Abbiamo costruito la nostra nuova casa nel 1984, nel 1996 quella di Susie e il 1997 quella di Gilda e il 2001 l'ufficio di Giosino. Tutto questo ci ha costato tanti sacrifici e tanto lavoro, ma come accennavo prima questo è un mio carisma, "costruire", sono certa che questo carisma l'ho ereditato dal nonno materno, era un imprenditore nell'edilizia.

Mio fratello Carmine appena diplomato ci ha raggiunto in Canada, nel giro di poco tempo si sono sposati tutti e tre, mia sorella si è sposata con un nostro paesano, Egidio Arnone (le due famiglie erono legate da una schietta amicizia), mio fratello Geppino sposò una brava e istruita ragazza messicana, Maria, che in solo tre mesi imparò bene la nostra lingua italiana e la nostra buona cucina, mio fratello Carmine ha coronato un amore da adolescente con Emilia, figlia di mia cugina Adelina. Sono sistemati è inseriti molto bene nella vita canadese. Mio papà ci lasciò all'età di 66 anni, mamma e la zia Rosina (che a vissuto sempre con mia mamma), vennero in Canada, andarano ad abitare con mia sorella Ines.

Ho incominciato a lavorare come regolare impiegata di ufficio parrocchiale iniziando a percepire lo stipendio dal primo gennaio 1989. Sono stati anni intensi a livello di responsabilità, sia per il lavoro d'ufficio che nel coordinamento delle varie attività sociale e culturale. Ho realizzato i miei due sogni: Un sentimento di gratitudine per la mia famiglia, mi sono stati sempre vicini. Grazie a P. Italo Reich, ha avuto tanta fiducia nelle mie capacità . Una nota di grazie a Fr. Richard Andrews, ho imparato tanto lavorando con lui per quattro anni, è di una rettitudine impressionante. Anche gli amici della parrocchia mi hanno dimostrato la loro gratitudine in tanti modi. Abbiamo lavorato insieme come una vera famiglia, l'età di noi donne e uomini era fra i 35 - 55, con i figli adoloscenti, che collaboravano con noi, eravamo giovani, pieni di forze fisica e buona volontà.

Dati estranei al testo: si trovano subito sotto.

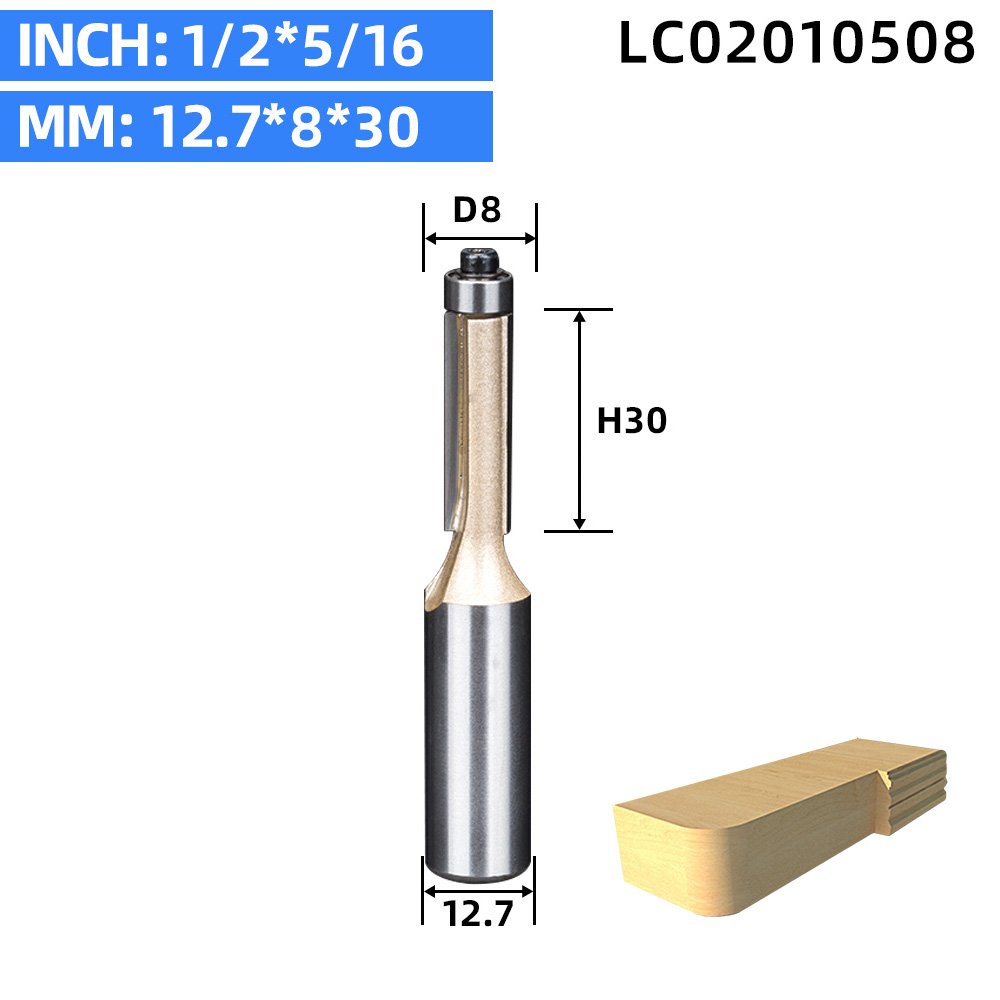 LIDIAO 1pc 1/2 ''1/4'' Schacht Langdurig trimmen beetje met lager Houtbewerking router bit 2 fluit straight bit frees: 12.7x8x30 mm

Quando organizzavamo le attività per noi era sempre festa, gli uomini si dedicavano alla parte più manuale, le donne alla cucina i giovani alla decorazione della sala e all'ospitalità. Dicevo sempre al mio gruppo: quando siamo al traguardo dei 60 anni, bisogna farsi da parte, ripiegare ogni bandiera per dare spazio ai più giovani, sono più creativi. Infatti ho smesso anche il lavoro d'ufficio. Mi sento ancora in forma, dedico molto mio tempo ai miei nipoti, organizzo i lettori italiani e curo la parte italiana del bollettino parrocchiale, faccio tante belle chiaccherate con le amiche, e grazie alle basse tariffe telefoniche parlo spesso con le mie cugine in Italia, sono conversazioni piacevoli, siamo unite di un vincolo affettivo molto profondo.

Questa è la mia storia di emigrante, ringrazio il Signore delle mie origini italiane e della nuova vita iniziata il 1960 al porto di Halifax (Pier 21) Canada.